Pharmaceutical giant Pfizer discovered its solution to erectile dysfunction (ED) by accident. According to company legend, Pfizer was investigating the application of sildenafil citrate as a treatment for high blood pressure but discovered it actually increased pressure in a very localised way. Sildenafil citrate is now the key ingredient in Viagra.
In China, Pfizer held a patent on the recipe for Viagra for 14 years, meaning domestic pharma companies could not apply sildenafil citrate in the same way. But when the patent expired in 2014 local companies, such as Golden Spear, quickly entered the market (see WiC305).
Last week, a new challenger emerged. Hebei Changshan Biochemical Pharmaceutical reported that one of its subsidiaries had just obtained authorisation to produce sildenafil citrate. In its report, Changshan Bio also speculated on the market opportunity for its new Viagra-like product, claiming that 140 million Chinese men suffer from ED – i.e. around 20% of the male population.
Some stock market investors were excited by this figure, driving Changshan Bio’s share price up the maximum 10% allowed for two consecutive trading sessions.
But the surge wasn’t missed by officials at the Shenzhen Stock Exchange, which quickly sent a letter to Changshan Bio asking it to clarify a number of issues, including more details on its production plans. Most importantly, Changshan Bio was asked to explain how it determined that one in five Chinese men suffered from ED.
On May 17, the company conceded that its“new product’s market size and market share may be lower than expected” and revealed that its data had come from a 2014 report by Guosen Securities.
Questioned by local newspapers including the Global Times, the brokerage admitted that the data it used in its own report was older still. In fact, it was based on a remark made in 2010 by a urologist with Peking University People’s Hospital, who said that the morbidity rate of ED in China was roughly 26.1%.
There is still no detail on when Changshan Bio will start producing ED drugs. But its share price has plunged more than 20% since it released its clarification.
However, according to National Business Daily, four of the company’s top executives took advantage of the stock’s brief rally, selling their own shares and collectively cashing in about Rmb90 million ($14 million).
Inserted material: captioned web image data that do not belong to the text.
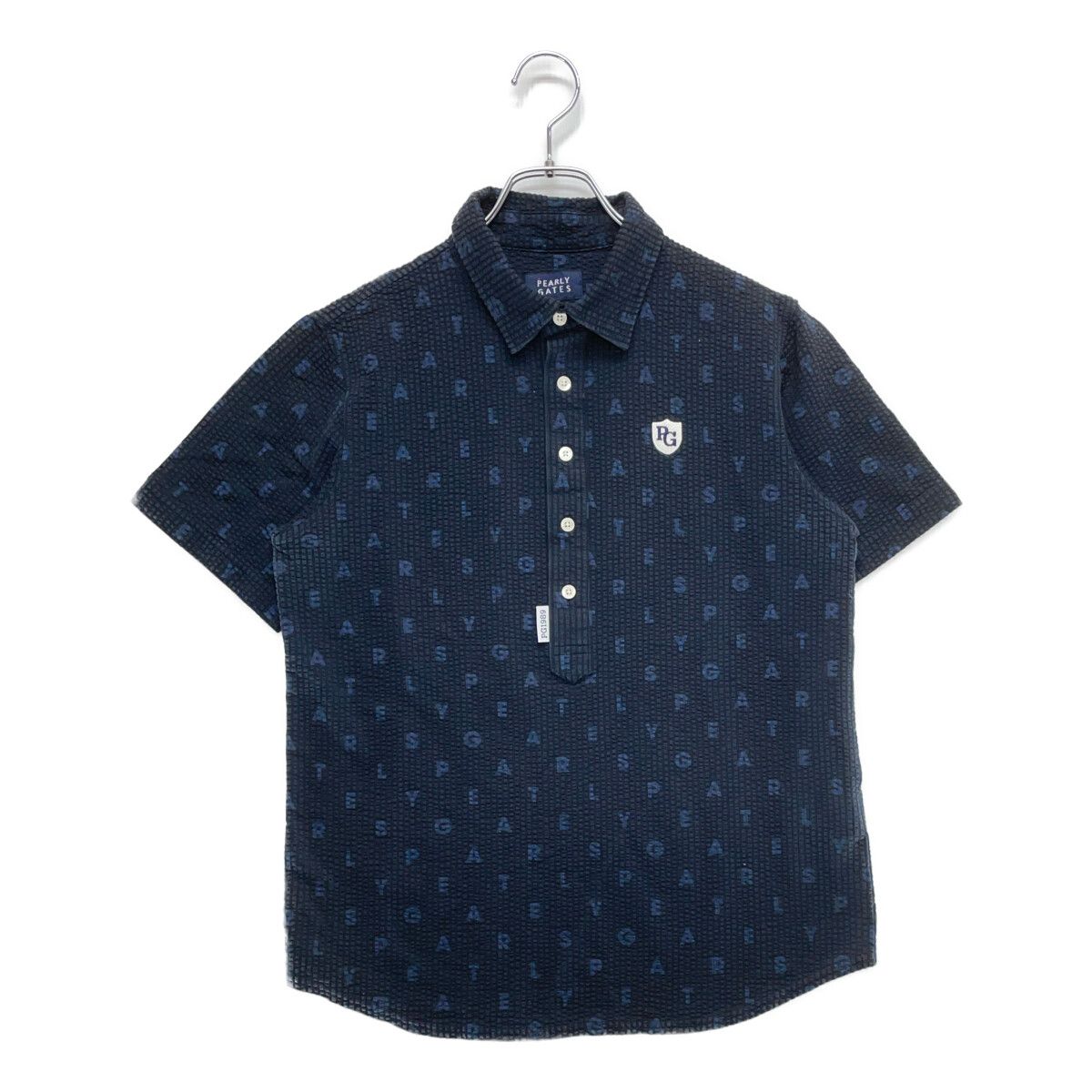 未使用 PCゲーム中心テレカ50枚セット10 剣術小町/Forseason/いもうと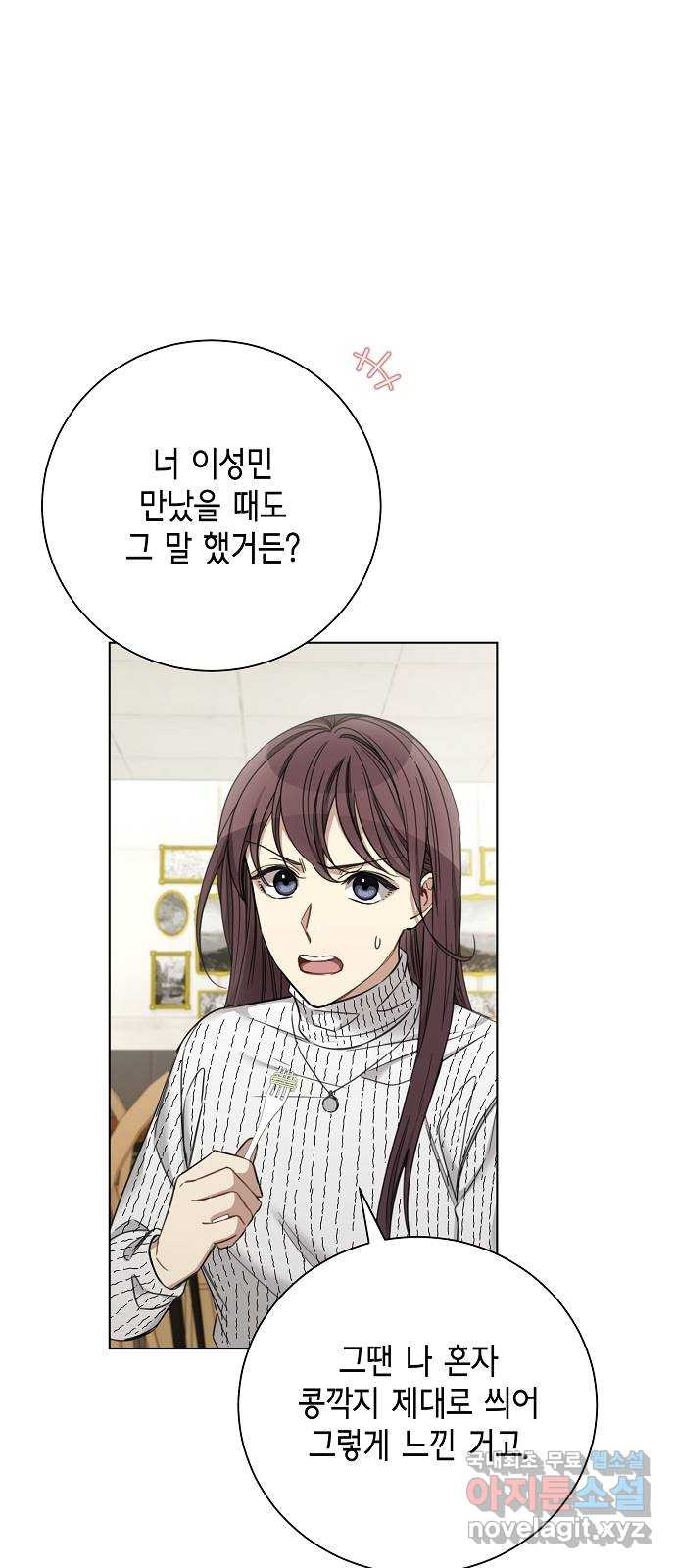 THE 런웨이 61화 8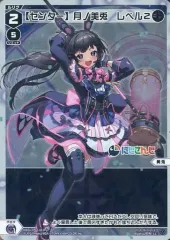 【中古】ウィクロス WXDi-CP01-011P[LC]：【センター】月ノ美兎 レベル2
NBD explains that the executives had announced their intention to reduce their holdings last October but had not taken any action as they were waiting for approvals of their new drug to be given.
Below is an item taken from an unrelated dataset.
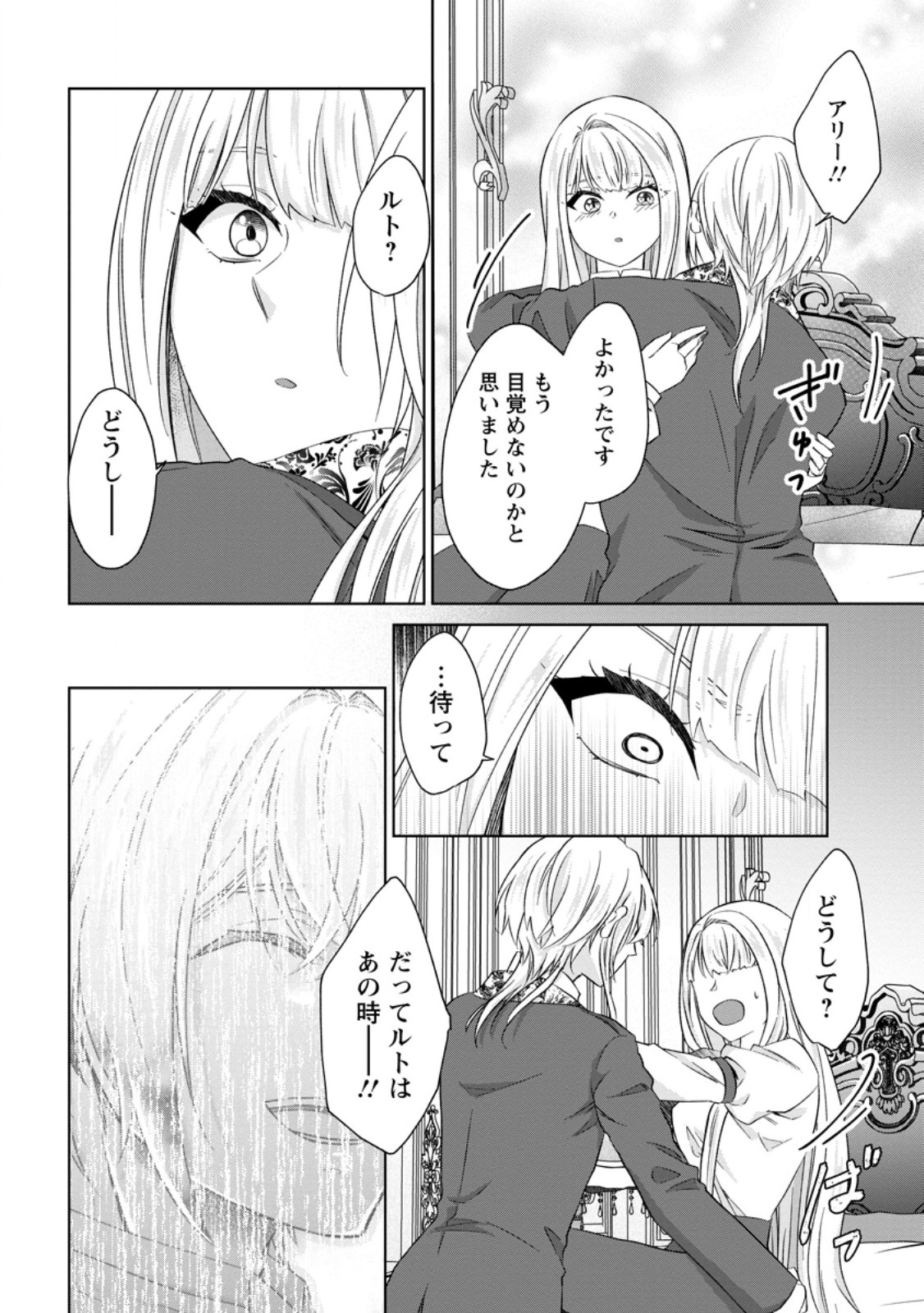 断罪されている悪役令嬢と入れ替わって婚約者たちをぶっ飛ばしたら、溺愛が待っていました 第31.2話 - Page 7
The company put out another stock exchange announcement this week. And it was a more bad news for its shareholders: the stock market watchdog is now investigating whether the Changshan Bio disclosed sensitive information improperly.
As for the potential size of the ED market in China, it remains anyone’s guess. The same would seem to apply in the US where an internet search reveals widely varying estimates. One assessment from Dr Michael Roizen on the Sharecare website was that “it’s about 6%”.